The scene in planning and state and local government circles following the successful passage of Measure 7 with 53% of the vote was pandemonium. How could a state with more than thirty years experience in statewide planning adopt a measure that was so extreme that legislators in Florida, or Texas, or Louisiana would blanch at it? Had Oregon become subject to an ideology in which property rights trumped all others? Would such a measure, even after being declared unconstitutional in 2000, return and pass again?
Besides responding to these questions, it is important to consider how planners ought to respond to the latest assault on the role of government in the planning process. For we are passing from an era in which the federal or state constitutions were used to convert public regulations into private money. Largely, that effort was unsuccessful. The new game in town is to write laws which say in effect "We dont care if the constitution doesnt require compensation for takings, we want laws that pay property owners for any regulation that has an incidental effect of reducing property values. Moreover, we want this to be a one-way street. Only "the government" has an obligation to pay compensation and only losses trigger payment of money. Under the politics of self-interest, "the government" becomes the guarantor of land investments.
To understand what happened in Oregon, and which may come to a state near you, one must understand the history and politics of land use planning in Oregon, examine the vote on Measure 7 and the responses of the various participants in Oregon planning.

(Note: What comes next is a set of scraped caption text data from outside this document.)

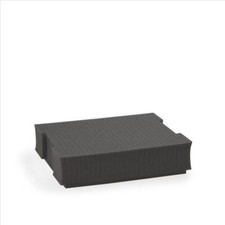 Bosch Sortimo Schiuma Per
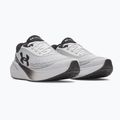 Férfi futócipők Under Armour Velociti Sport mod gray/black/black 2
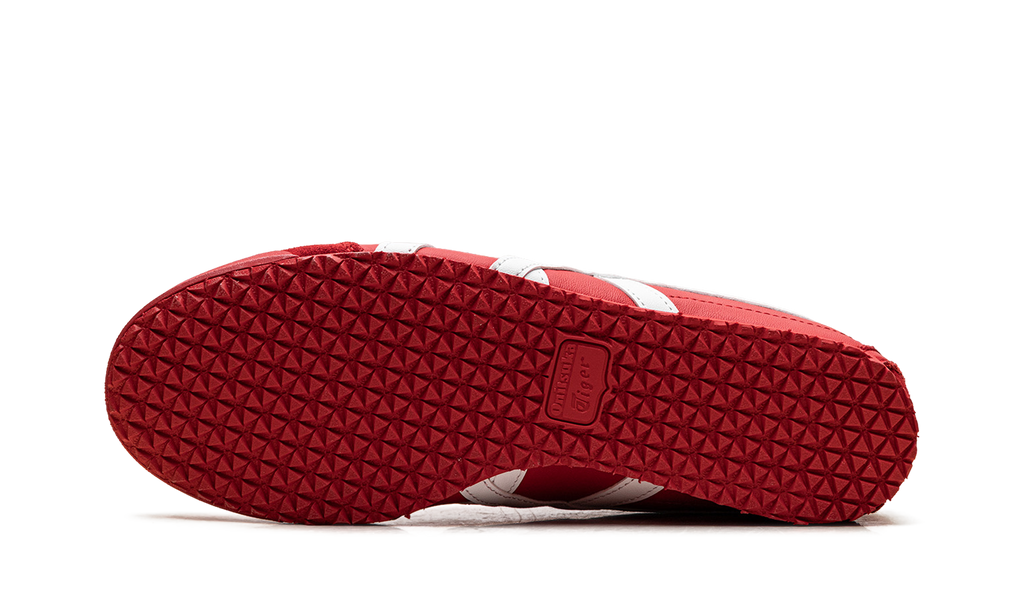 Onitsuka-tiger|mexico-66-classic-red-tiger-white-228274 product image 5, provided for visual reference and product detail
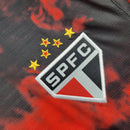 Camisa 3 São Paulo 2024/25 Torcedor - Masculina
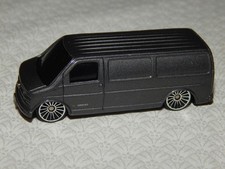 Maisto Chevrolet Diecast & Toy Vans for sale - eBay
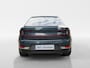 Polestar 2 Long Range Single Motor 78 kWh | Panorama dak | Premium Audio | Stoelverwarming | Parkeercamera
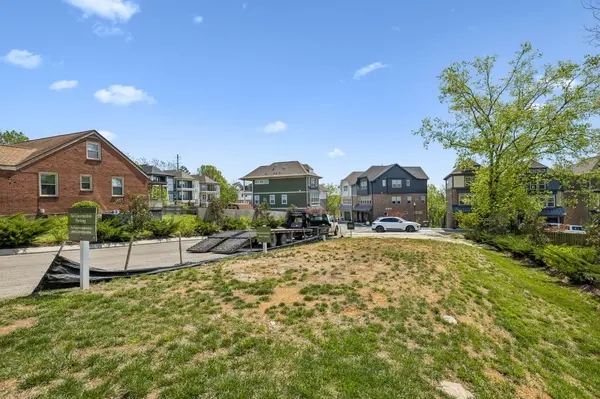 113 Honeywine St, Nashville, TN 37206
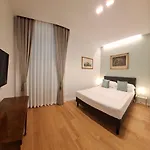Casa Di Federico Z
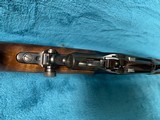 Winchester 1886 45-70 Pistol grip - 6 of 20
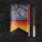 Мальборо Арома Брайт (Marlboro Aroma Bright)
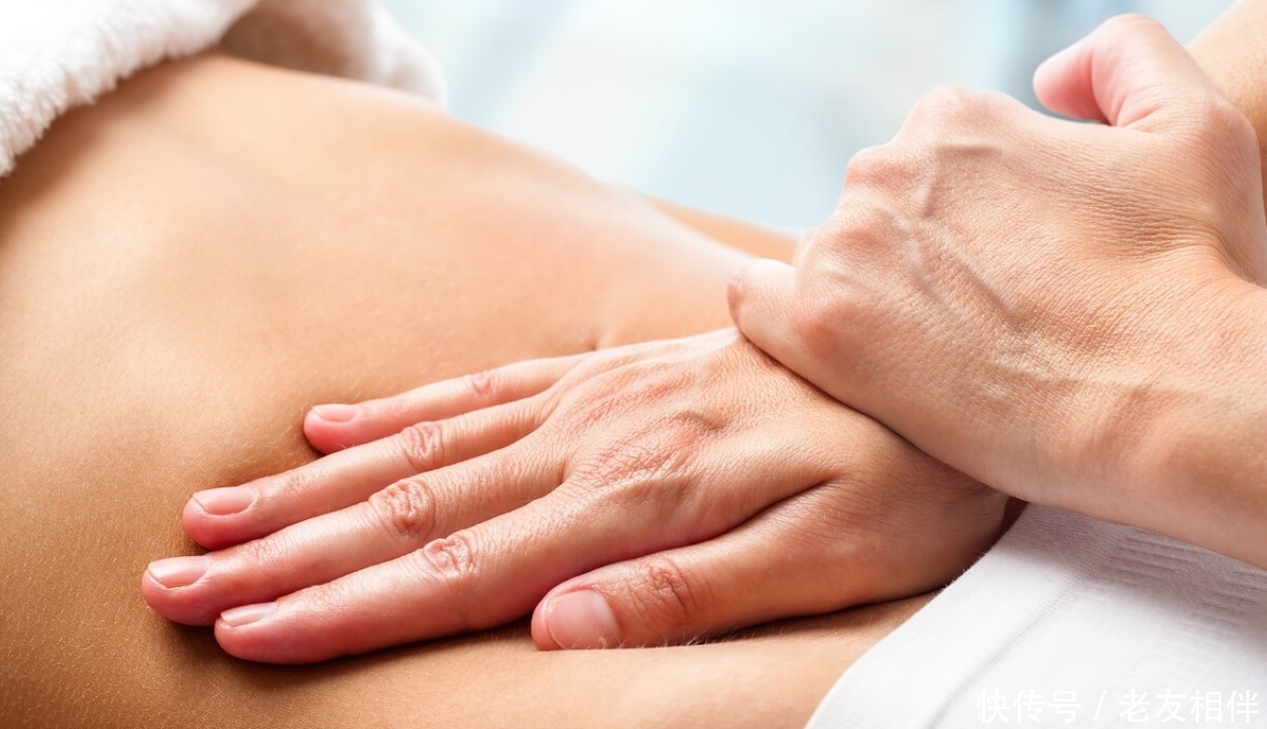 养生要从年轻开始,12时辰养生时间表,照着做才能越活越年轻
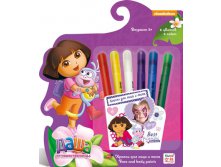     , - , 6  - 206,4 .jpg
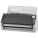 Fujitsu PA03710-B055 Document Scanner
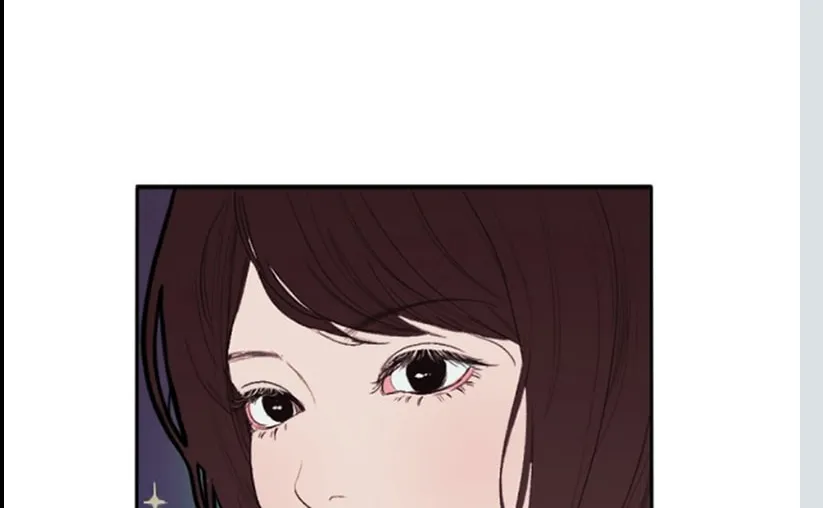 Kiss the Coming Apocalypse Chapter 2 page 62 - 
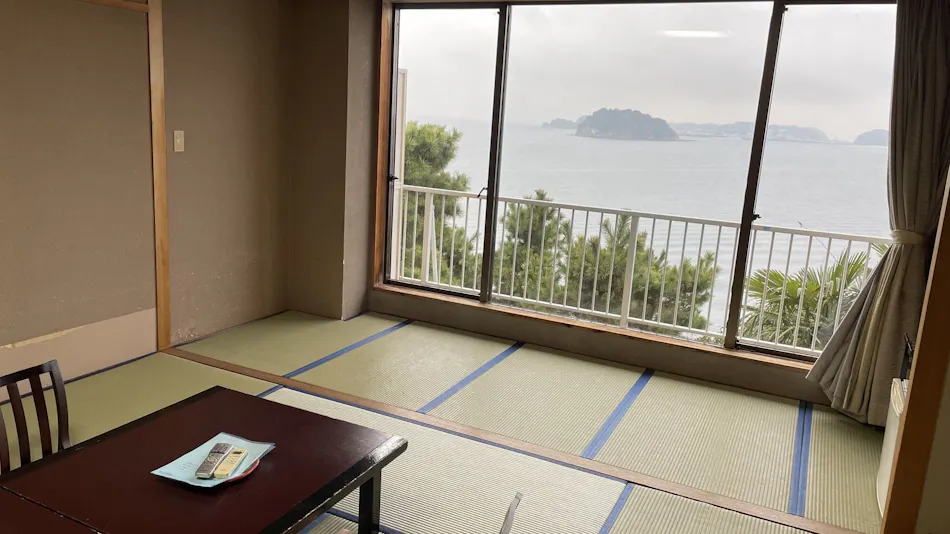 Hotel Himakaso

II. The Oregon Planning Experience
Oregon diverted from the usual path taken by other states in 1969. Before that time it had authorized its cities to plan in 1919 and did the same with its counties in 1947. Neither piece of enabling legislation was derived from the Standard Acts of the 1920s, promulgated by the federal Department of Commerce. In 1969, the legislature passed SB 10, which required every city and county in the state to have a comprehensive plan and zoning regulations for its territory. The measure was referred, but in 1970, the voters upheld the judgment of the legislature. SB 10 proved to be ineffective, due to lack of funds or enforcement tools. In 1973, the legislature passed SB 100, which put teeth into the requirements for planning and regulation. The state was then largely white, middle-class and had a remarkably homogenous value system and economically linked to its farm and forest resources.
The Oregon model begins with a state administrative agency, the Land Conservation and Development Commission (or "LCDC") which adopts statewide planning standards, called "goals," which cities and counties must incorporate into their plans and implement in their land use regulations, so far as they are applicable. If they dont do it or do a bad job, LCDC has enforcement powers. LCDC has adopted 19 statewide planning goals, ranging from the procedural (citizen involvement and the planning process) to resource conservation (agricultural and forest lands and certain identified natural resources), to infrastructure (public facilities and services, transportation, housing, energy, and urbanization) to certain sensitive areas of the state (the Willamette River Greenway and the Coastal Area).
Once local governments have reviewed and amended their plans to incorporate the goals, they must submit the plans to LCDC for certification or "acknowledgment," a device by which local governments no longer risk challenges to their land use decisions against the goals, because, at least in theory, the goals have been incorporated into the local plans. While it took about twelve years, all 250 cities and 36 counties now have plans which are acknowledged.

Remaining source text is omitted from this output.